How can language not collapse when things are gendered and compelled to reproduce themselves? (Thinking on “things” in philosophy, aesthetics, and political science fails to reckon with fungibility; the “unimaginable” “thingness” of those once human.)
The archives I know best tell me that certain bodies are minoritized through being “disclosed,” through being forced to “disclose” themselves. Show me your suffering, the injunction goes. Mark it on your body. Show it in your life. Those who live in Kenyan slums are routinely scrutinized: their sex habits, excretory habits, sanitation habits routinely broadcast on local, national, and international news outlets. Their homes invaded, photographed, described. Their sex lives narrated and re-narrated in whispers and shouts, in official reports and scandalous news stories. Privacy has unequal meanings.

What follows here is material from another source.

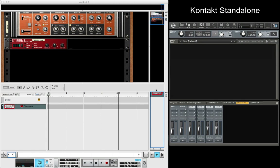Welcome to another session from LearnReason.com. My name's Matt and today I want to show you how to use Contact in Reason in a different way than I showed you in the last video I made on this.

In our disclosing now, it seems difficult to distinguish between the intrusive gaze that minoritizes and the intrusive gaze that demands reciprocity (and promises intimacy: “let’s share secrets”). Practically, of course, it’s not that difficult: one gaze emanates from the state and its agents while the other might be state-related, but is framed as the normative structuring of sociality. At a moment when the normative structuring of sociality blends so readily with the state’s gaze—the Kenyan government can monitor private phone communications without a warrant, it seems, and the newly passed CISPA in the U.S. takes away many privacy protections—it’s difficult to know what privacy is, who has it, who can demand it, who can be protected by it, who can never access it.
To be minoritized is always to have less or no access to privacy. My resistance to disclosure, my stubborn refusal to answer the most banal of questions as a condition of sociality stems from how I know the histories of disclosure. I disclose as a matter of strategy.
A certain bad reading of Foucault coupled with anti-feminist sentiment has dismissed “the personal is political” as a bad bourgeois strategy. It has claimed that “confession” and “disclosure” cannot be strategic. Nor can disclosure be considered “good” art or poetry. Rather, it is “lazy.” Lazy, I think, because all is “already known.” And nothing “new” can be discovered through such disclosures.
How did we come to know “all” about the minoritized? And might it not be useful to distinguish among sources? Might it not be useful to hear what the minoritized say about themselves? Might it not be useful to think of disclosure as a strategy? And, more: as a strategic risk.
For to disclose is always a risk. Especially when those already assumed to be fully known—or fully knowable—risk disclosure. One risks being dismissed as repetitive, boring, derivative, pandering, lazy. As though one’s risk has no particularity.
What does it mean to risk disclosure? And who gets to risk disclosure? And how is such disclosure a risk?
I might be talking about “coming out.” About what it means to “be” out, and what it means to keep coming out. About the worlds created by such disclosures and the worlds made impossible. About coming out as a strategy and a choice. About the desire to have a private life. About the desire to manage scrutiny, and to enable other lives.
Histories of blackness (and anti-blackness) and feminism (and anti-feminism) teach me to be wary of disclosure. Yet I could not be were it not for those who have risked disclosure. Those who understood—and sometimes didn’t understand—the risks they were taking to enable futures distinct from the pasts they had endured. Futures for strangers.
Perhaps I want to offer a simple claim: privacy and disclosure are unequal playing fields. Some risk more than others when they choose disclosure.